One example might be the volume and tone controls on an electric guitar.

You don’t turn up the volume or the tone (treble frequencies), you turn down the amount which is lost to ground.

Passive circuits are generally components in a larger system, they have power flowing into them from somewhere else.

For example, in a passive low pass filter the power is coming from the input signal, and some of it is dissipated by the filter. The power of the output signal decreases as the frequency increases, but is never more than the power of the input signal.

Some radio receivers can operate without a power source since the radio waves hitting the antenna can induce some, albeit very little, current (E.g. [the foxhole radio](https://en.wikipedia.org/wiki/Foxhole_radio?wprov=sfla1)). I would imagine that the same concept might be applied in some modern devices.

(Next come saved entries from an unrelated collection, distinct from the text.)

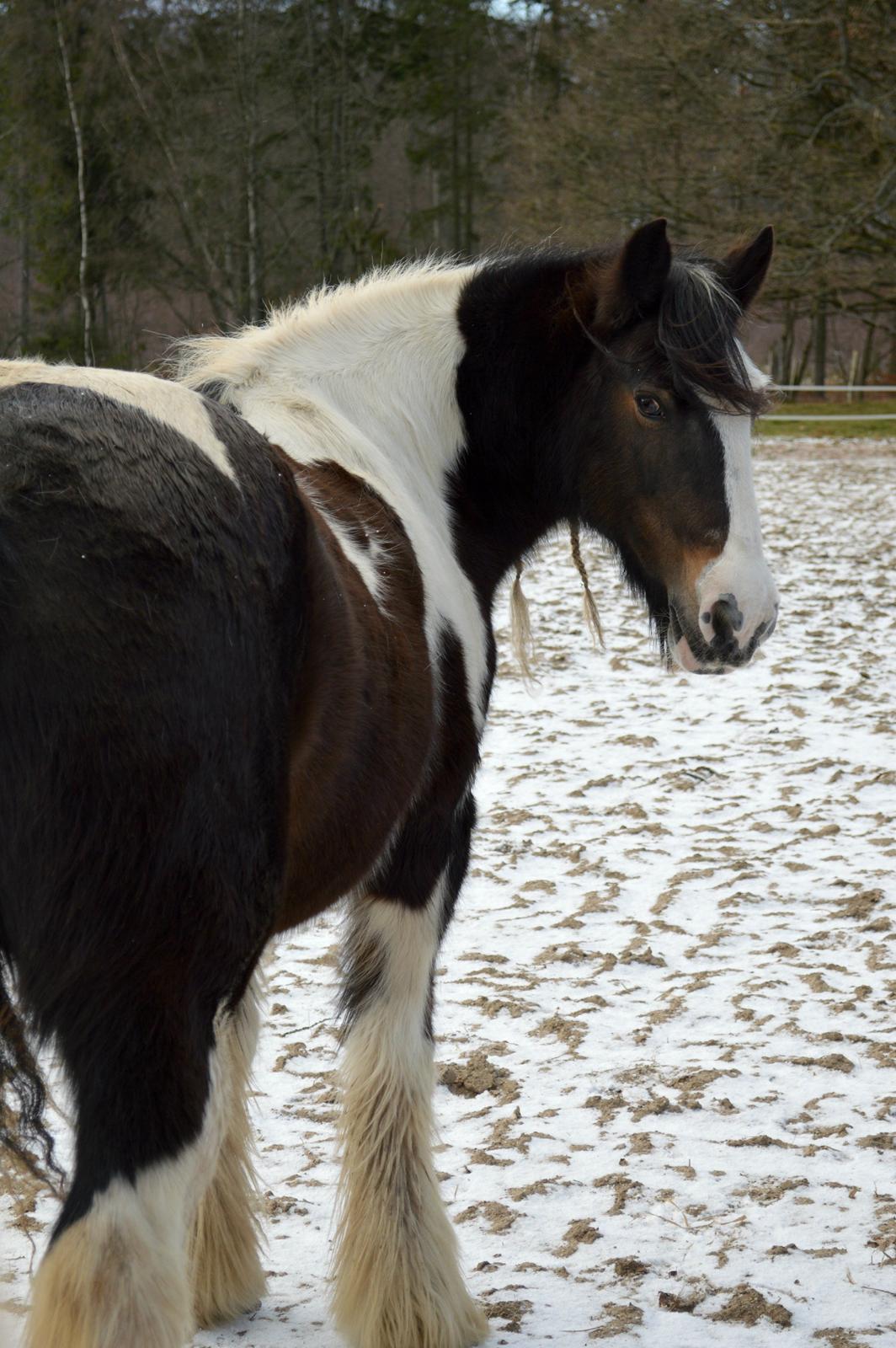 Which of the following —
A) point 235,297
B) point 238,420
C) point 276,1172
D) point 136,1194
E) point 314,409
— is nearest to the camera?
point 136,1194

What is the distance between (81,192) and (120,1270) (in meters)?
21.8

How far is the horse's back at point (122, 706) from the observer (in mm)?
1482

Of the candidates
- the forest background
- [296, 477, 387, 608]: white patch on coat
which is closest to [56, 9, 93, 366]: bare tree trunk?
the forest background

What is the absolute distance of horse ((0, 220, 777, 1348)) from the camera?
1.52 m

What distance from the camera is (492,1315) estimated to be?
8.49ft

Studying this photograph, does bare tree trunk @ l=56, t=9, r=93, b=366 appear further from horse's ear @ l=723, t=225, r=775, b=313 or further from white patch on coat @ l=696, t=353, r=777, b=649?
white patch on coat @ l=696, t=353, r=777, b=649

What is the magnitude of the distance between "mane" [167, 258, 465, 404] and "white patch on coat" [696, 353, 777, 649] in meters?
0.78

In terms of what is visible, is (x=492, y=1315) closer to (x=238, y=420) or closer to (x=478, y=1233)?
(x=478, y=1233)

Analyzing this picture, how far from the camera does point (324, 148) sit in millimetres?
22578

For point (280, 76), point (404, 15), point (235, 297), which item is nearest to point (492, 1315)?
point (235, 297)

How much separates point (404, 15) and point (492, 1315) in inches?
1108

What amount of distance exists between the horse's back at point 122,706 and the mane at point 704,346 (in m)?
1.21

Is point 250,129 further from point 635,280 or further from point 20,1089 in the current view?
point 20,1089

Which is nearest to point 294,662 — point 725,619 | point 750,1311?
point 725,619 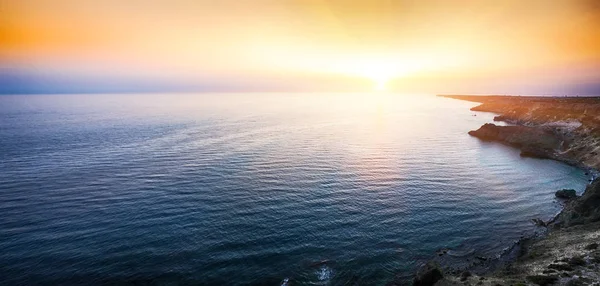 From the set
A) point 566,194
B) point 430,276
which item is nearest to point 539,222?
point 566,194

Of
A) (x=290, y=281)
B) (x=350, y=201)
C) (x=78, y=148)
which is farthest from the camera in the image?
(x=78, y=148)

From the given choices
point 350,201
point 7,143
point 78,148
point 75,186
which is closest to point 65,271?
point 75,186

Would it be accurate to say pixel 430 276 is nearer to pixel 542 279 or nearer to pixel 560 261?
pixel 542 279

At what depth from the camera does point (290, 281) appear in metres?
A: 34.2

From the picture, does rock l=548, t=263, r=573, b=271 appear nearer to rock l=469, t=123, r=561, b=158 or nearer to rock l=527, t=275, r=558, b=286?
rock l=527, t=275, r=558, b=286

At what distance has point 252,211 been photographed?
52438 mm

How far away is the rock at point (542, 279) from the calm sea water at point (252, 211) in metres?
11.6

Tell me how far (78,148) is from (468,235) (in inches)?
4753

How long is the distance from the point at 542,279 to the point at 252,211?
40.9 meters

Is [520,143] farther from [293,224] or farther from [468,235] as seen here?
[293,224]

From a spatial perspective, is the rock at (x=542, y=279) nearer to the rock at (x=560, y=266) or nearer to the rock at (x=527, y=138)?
the rock at (x=560, y=266)

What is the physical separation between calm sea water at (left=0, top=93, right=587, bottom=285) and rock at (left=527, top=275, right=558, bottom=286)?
37.9 feet

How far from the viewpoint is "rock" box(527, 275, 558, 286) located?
28.2 m

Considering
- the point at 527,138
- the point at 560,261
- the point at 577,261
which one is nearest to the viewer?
the point at 577,261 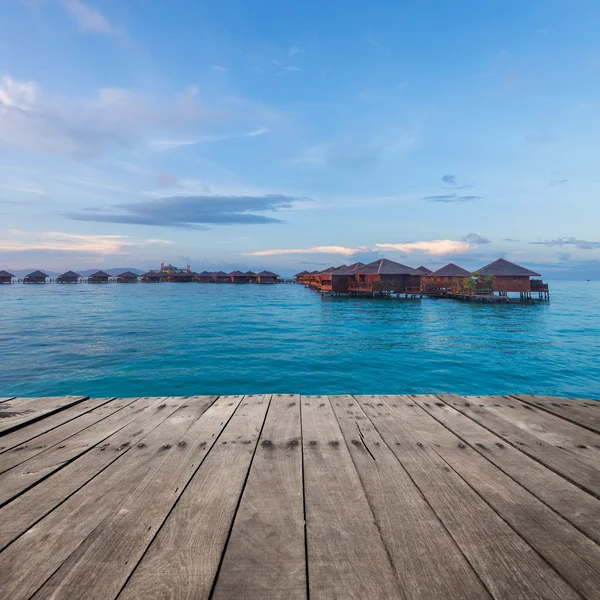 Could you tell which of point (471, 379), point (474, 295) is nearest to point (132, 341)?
point (471, 379)

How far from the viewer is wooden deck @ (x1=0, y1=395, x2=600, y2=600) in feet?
3.35

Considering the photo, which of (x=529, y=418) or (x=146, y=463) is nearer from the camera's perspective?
(x=146, y=463)

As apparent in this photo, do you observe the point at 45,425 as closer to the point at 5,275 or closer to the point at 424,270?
the point at 424,270

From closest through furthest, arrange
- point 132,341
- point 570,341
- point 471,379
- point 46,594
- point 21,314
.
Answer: point 46,594 → point 471,379 → point 132,341 → point 570,341 → point 21,314

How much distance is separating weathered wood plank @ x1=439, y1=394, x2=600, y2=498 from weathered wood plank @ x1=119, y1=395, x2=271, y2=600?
1.54m

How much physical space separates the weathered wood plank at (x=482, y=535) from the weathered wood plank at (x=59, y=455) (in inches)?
69.5

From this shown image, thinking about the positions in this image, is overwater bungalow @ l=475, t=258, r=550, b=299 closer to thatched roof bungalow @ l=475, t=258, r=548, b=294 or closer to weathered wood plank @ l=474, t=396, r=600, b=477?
thatched roof bungalow @ l=475, t=258, r=548, b=294

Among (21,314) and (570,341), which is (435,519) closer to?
(570,341)

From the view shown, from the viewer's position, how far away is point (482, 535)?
4.00 feet

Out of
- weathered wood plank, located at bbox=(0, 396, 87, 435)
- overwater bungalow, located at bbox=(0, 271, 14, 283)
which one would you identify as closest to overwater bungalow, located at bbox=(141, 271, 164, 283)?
overwater bungalow, located at bbox=(0, 271, 14, 283)

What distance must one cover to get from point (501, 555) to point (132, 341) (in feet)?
58.9

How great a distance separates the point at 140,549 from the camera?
1150 millimetres

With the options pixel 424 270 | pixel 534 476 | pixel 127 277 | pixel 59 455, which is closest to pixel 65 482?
pixel 59 455

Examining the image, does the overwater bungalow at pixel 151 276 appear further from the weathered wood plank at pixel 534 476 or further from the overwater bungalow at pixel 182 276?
the weathered wood plank at pixel 534 476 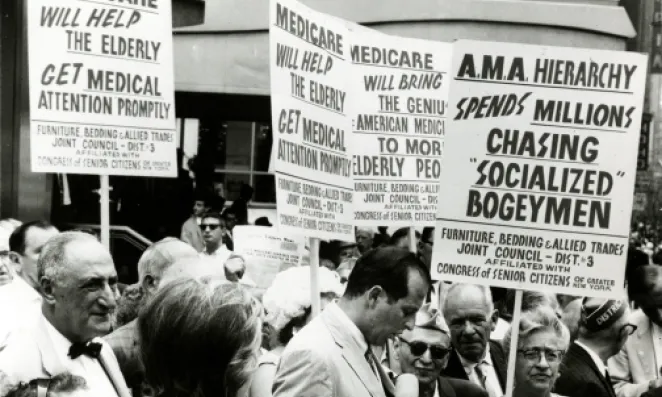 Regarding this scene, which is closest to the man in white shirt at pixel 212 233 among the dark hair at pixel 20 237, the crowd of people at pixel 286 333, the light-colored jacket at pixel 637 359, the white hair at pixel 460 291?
the crowd of people at pixel 286 333

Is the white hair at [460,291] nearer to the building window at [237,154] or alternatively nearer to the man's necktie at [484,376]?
the man's necktie at [484,376]

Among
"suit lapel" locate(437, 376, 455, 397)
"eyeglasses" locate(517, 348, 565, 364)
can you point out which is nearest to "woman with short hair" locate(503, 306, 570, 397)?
"eyeglasses" locate(517, 348, 565, 364)

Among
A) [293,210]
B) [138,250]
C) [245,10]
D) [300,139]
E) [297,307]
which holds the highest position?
[245,10]

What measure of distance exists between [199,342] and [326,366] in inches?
45.5

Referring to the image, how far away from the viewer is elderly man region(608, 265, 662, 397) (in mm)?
7277

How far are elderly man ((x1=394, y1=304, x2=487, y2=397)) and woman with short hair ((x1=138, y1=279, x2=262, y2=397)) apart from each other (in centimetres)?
207

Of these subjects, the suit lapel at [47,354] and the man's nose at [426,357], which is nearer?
the suit lapel at [47,354]

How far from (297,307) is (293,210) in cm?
62

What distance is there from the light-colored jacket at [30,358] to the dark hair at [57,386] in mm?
38

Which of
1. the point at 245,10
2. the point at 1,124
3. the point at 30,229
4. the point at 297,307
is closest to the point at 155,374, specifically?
the point at 297,307

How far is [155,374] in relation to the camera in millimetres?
3051

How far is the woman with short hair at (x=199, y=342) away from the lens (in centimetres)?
301

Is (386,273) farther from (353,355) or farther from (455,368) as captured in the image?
(455,368)

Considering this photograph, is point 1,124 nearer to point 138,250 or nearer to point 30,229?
point 138,250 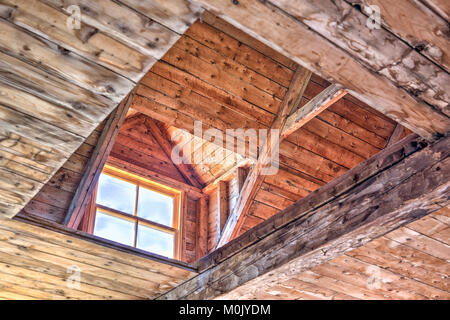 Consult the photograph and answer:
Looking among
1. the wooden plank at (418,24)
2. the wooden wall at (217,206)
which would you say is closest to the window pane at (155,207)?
the wooden wall at (217,206)

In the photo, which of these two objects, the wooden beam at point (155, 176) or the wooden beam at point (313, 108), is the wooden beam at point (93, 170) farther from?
the wooden beam at point (313, 108)

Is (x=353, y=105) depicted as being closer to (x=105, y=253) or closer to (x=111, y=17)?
(x=105, y=253)

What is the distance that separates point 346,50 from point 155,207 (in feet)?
9.90

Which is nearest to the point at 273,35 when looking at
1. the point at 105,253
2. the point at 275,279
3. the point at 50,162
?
the point at 50,162

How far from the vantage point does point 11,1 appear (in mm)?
1446

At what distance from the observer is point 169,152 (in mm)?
4703

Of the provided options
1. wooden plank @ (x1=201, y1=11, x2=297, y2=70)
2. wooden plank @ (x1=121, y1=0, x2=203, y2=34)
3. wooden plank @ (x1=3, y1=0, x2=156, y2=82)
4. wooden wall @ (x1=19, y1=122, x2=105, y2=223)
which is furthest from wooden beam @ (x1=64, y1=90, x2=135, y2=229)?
wooden plank @ (x1=121, y1=0, x2=203, y2=34)

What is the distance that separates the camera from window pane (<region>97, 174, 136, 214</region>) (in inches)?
160

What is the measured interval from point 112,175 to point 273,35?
117 inches

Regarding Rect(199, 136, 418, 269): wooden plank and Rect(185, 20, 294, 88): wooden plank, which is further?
Rect(185, 20, 294, 88): wooden plank

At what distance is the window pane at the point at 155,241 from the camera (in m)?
4.09

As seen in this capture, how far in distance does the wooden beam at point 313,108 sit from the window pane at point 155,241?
1283 millimetres

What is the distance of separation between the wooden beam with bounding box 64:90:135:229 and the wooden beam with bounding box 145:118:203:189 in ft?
3.79

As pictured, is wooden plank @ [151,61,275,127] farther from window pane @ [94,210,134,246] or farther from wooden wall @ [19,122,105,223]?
window pane @ [94,210,134,246] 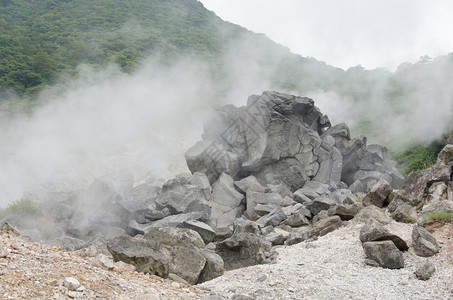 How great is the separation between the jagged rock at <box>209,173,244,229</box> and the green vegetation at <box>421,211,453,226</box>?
11804mm

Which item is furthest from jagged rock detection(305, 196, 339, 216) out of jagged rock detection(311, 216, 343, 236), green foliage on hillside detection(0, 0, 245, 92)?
green foliage on hillside detection(0, 0, 245, 92)

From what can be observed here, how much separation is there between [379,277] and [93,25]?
67.0 m

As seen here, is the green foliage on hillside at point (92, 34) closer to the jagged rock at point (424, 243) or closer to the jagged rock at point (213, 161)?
the jagged rock at point (213, 161)

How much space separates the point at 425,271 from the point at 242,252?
339 cm

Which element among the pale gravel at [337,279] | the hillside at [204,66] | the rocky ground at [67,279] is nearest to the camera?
the rocky ground at [67,279]

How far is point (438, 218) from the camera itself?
311 inches

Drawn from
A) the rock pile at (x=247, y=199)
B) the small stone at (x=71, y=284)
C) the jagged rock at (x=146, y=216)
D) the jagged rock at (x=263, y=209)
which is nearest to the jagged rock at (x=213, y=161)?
the rock pile at (x=247, y=199)

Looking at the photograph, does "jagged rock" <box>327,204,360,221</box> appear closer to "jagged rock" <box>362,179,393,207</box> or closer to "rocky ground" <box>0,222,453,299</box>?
"jagged rock" <box>362,179,393,207</box>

All circuits have a power source of some kind. Passive means it does not input any power into the circuit but can still modify things with the power that was provided.

Active circuits can provide power to the circuit.

The volume example is great. It provides resistance and changes the output but adds nothing.

An active circuit needs power outside of it’s input signal to perform. Passive just needs the input signal.

Another definition is that all passive circuits are made of integral, linear, or derivitive transforms of their inputs, while active has non-linearity.

Power source is the part that’s probably the vaguest and most complicated. If you mean electrical supply then you have passive radio receivers or near field circuits which get their power from radio waves and bounce back a code with the power given to thwm by the radio waves.

There is no circuit (that i can think of) that has no form of power coming in. The power isn’t always direct electric current

A passive circuit is generally made up of resistors, capacitors and inductors. Thr equivalent to these are water tubes of varying widths(resistor), overflow tanks(capacitor), and long pieces of tube(inductors). The water still has to flow though it for the circuit to do something.

I think you’re possibly misunderstanding the term “passive” in the context of electrical components. Let’s take a capacitor, as an example. A capacitor is considered a passive electrical component. You apply a charge to it, and the capacitor will “store” the charge. The power source is external to the capacitor, but there is still a power source.

The opposite of a passive component is an active component. Active components either provide the source of power (like a battery) or control the flow of current (like a transistor).

There is quite a bit more to it than this, but that’s probably a good ELI5 level answer. If you want more detail, Tutorials Point actually has a good page on the subject: [Difference between Active and Passive Components (in Electronics)](https://www.tutorialspoint.com/difference-between-active-and-passive-components-in-electronics)

Through stelling power power in an existing system as a add on that wasnt intended, plunging into a system by design, or through beeming with say the case of Antennas or (If I recall) toll cards and more commonly chips in bank cards.

Well it has to be a component that uses Faraday’s law to drive the circuit.

Many examples in everyday life al the way from RFID energy harvesting to galvanic isolation. Both use the same principle. Even transformers.

It doesn’t even have to be Faraday’s law. A photo diode is another example. But this is the only example I can think of that doesn’t use Faraday’s law. Even hand cranked devices is an example of faradays law.

I guess the answer is Faraday’s law. You may find only exceptions like a photo diode or say a solar panel.

Even power plants use the same principle as a store bought hand-cranked torchlight.

Edit: I just saw the other comments, idk why so many people are providing definitions and examples of what a passive and active circuits are. That’s not what the post is asking.

It’s very simple. A passive circuit cannot work without a power source. That’s in the definition.

By extention, you have two components in impedance and power: real and reactive. The reactive component is the imaginary part that capacitors and inductors produce. The real, unreactive components are resistors. Technically everything produces heat losses and has some resistance.

The real part is the part that produces heat losses. The reactive or imaginary, part produces losses by way of phase changes and depending on the application, bouncing back energy. Imaginary power is a very intriguing concept.

To get an accurate idea always convert everything into polar form.

I mentioned this because not all passive components theoretically produce heat losses, but practically do. But again, depending on the application, heat losses aren’t the only type of losses.

Edit: at the end of the day, a passive component does some work, that it’s designed to do.
Something to keep in mind is engineering is very purpose driven.

Edit:
Maybe you can think of passive circuits as ones “waiting” to receive power.

When you cover Thevenin’s theorm or start Signals and systems it should become clearer.

When you cover thevenin’s theory, you’ll learn to look at a circuit as a black box.

When you cover Signals and Systems, you’ll learn to look at a circuit as a Transfer Function. In a way, a mathematical extension of the same concept.

Edit: some of these comments are scary. Hope they’re not practicing engineers. Holy fuck its scary.